The Cassidys moved to Santa Fe, New Mexico soon after marrying and became part of the burgeoning colony of artists and writers. From 1931 to 1960 Ina wrote a monthly column in New Mexico Magazine called "Art and Artists." Ina exhibited her sculptures at the Museum of New Mexico in Santa Fe from 1928-1954, and in Albuquerque at the New Mexico State Fair from 1930-1953. She served as the New Mexico Director of the Federal Writer's Project from 1935-1939, a job she secured after John Collier recommended her appointment.
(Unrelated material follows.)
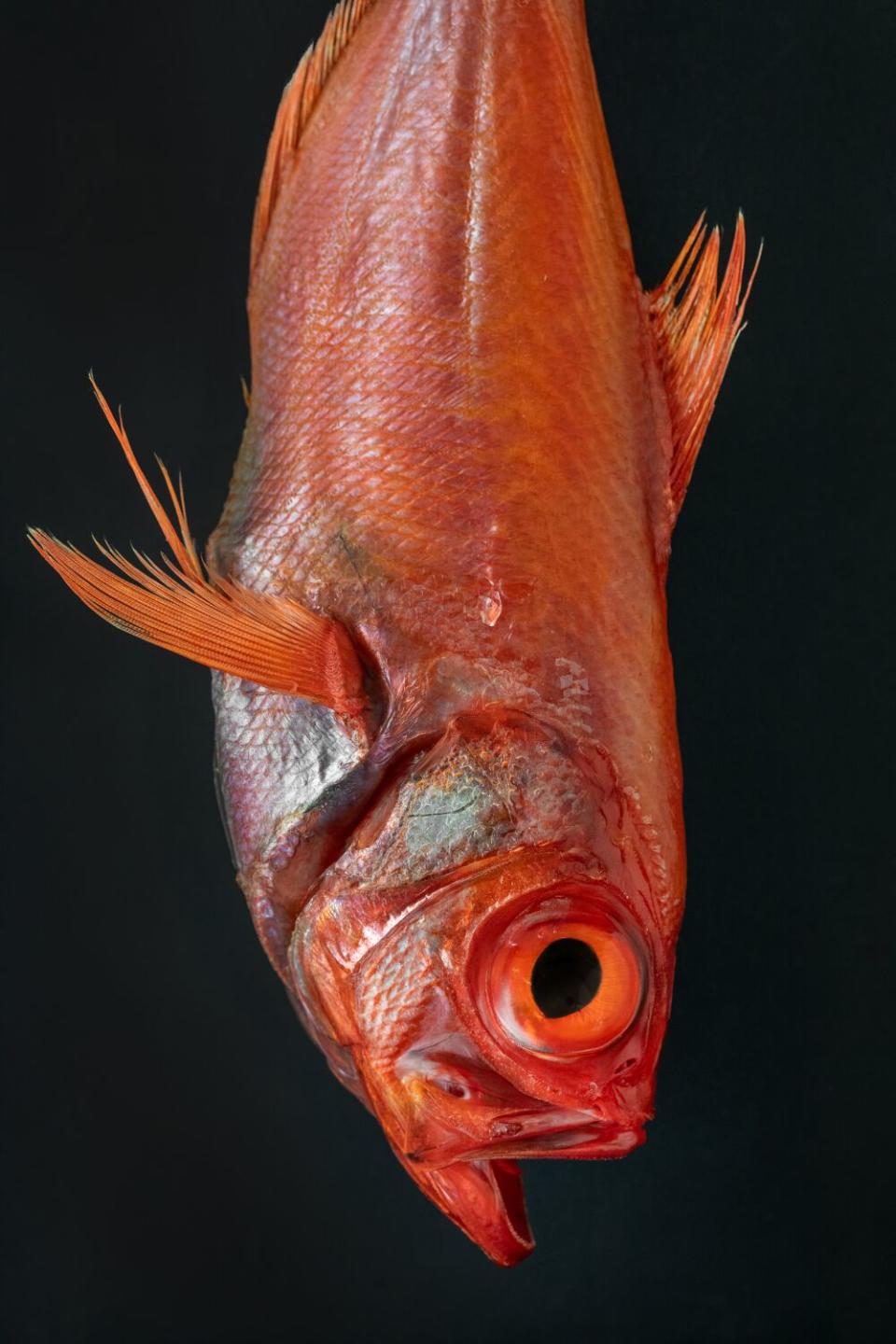 A closeup of dry-aged bright red kinmedai fish, or golden eye snapper, hanging upside down.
She was active in numerous civic and cultural organizations including the American Indian Defense Association, New Mexico Association on Indian Affairs, the Spanish Colonial Arts Society, the Historical Society of New Mexico, National League of American Pen Women, the Daughters of the American Revolution and Mayflower Society, and was President of the New Mexico Folklore Society. She became a charter member of the National League of Women Voters in New Mexico.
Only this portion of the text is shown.